SOURCE MATERIAL below:

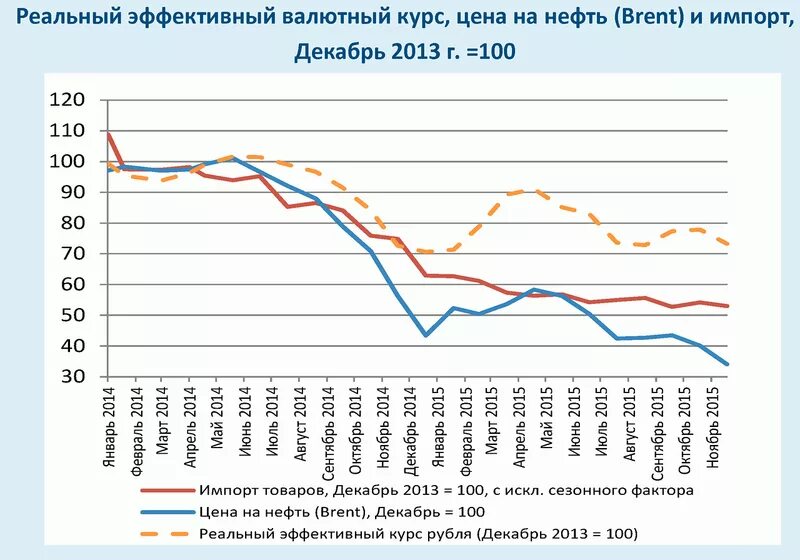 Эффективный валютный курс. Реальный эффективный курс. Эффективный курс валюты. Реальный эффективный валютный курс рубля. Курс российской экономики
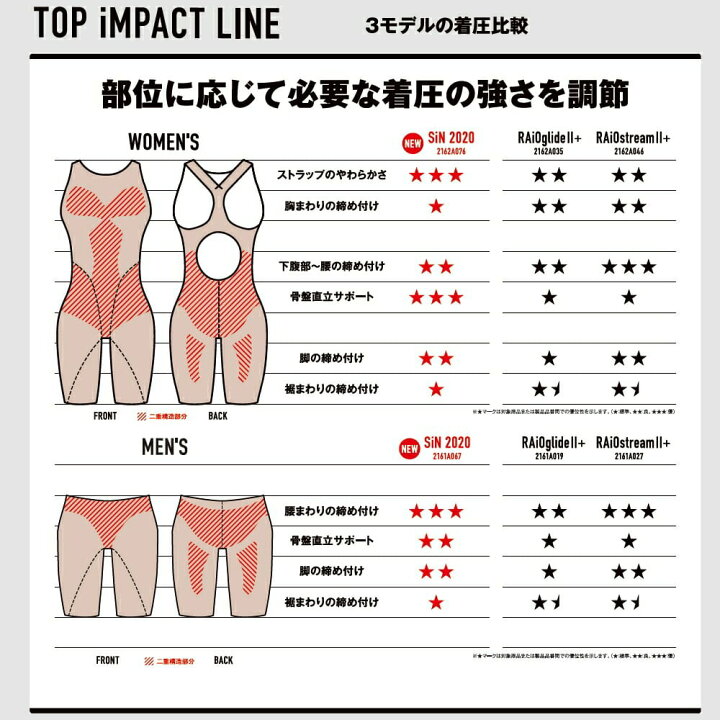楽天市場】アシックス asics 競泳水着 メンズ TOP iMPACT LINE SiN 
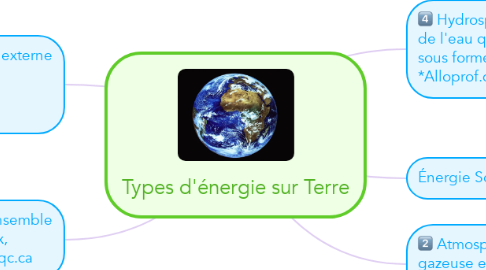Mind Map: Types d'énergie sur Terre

End of SOURCE MATERIAL.
SOURCE MATERIAL below:

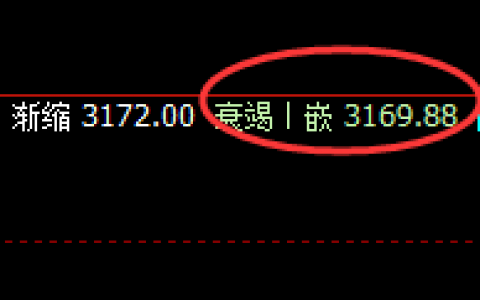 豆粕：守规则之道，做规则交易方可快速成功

End of SOURCE MATERIAL.

▶ [ACTIVITY]:
Above are some records; extract exactly the lines from the one containing "Эффективный валютный курс." through the one containing "Mind Map: Types d'énergie sur Terre" and drop the pictures.

▶ [ANSWER SECTION]:
 Эффективный валютный курс. Реальный эффективный курс. Эффективный курс валюты. Реальный эффективный валютный курс рубля. Курс российской экономики
楽天市場】アシックス asics 競泳水着 メンズ TOP iMPACT LINE SiN 
Mind Map: Types d'énergie sur Terre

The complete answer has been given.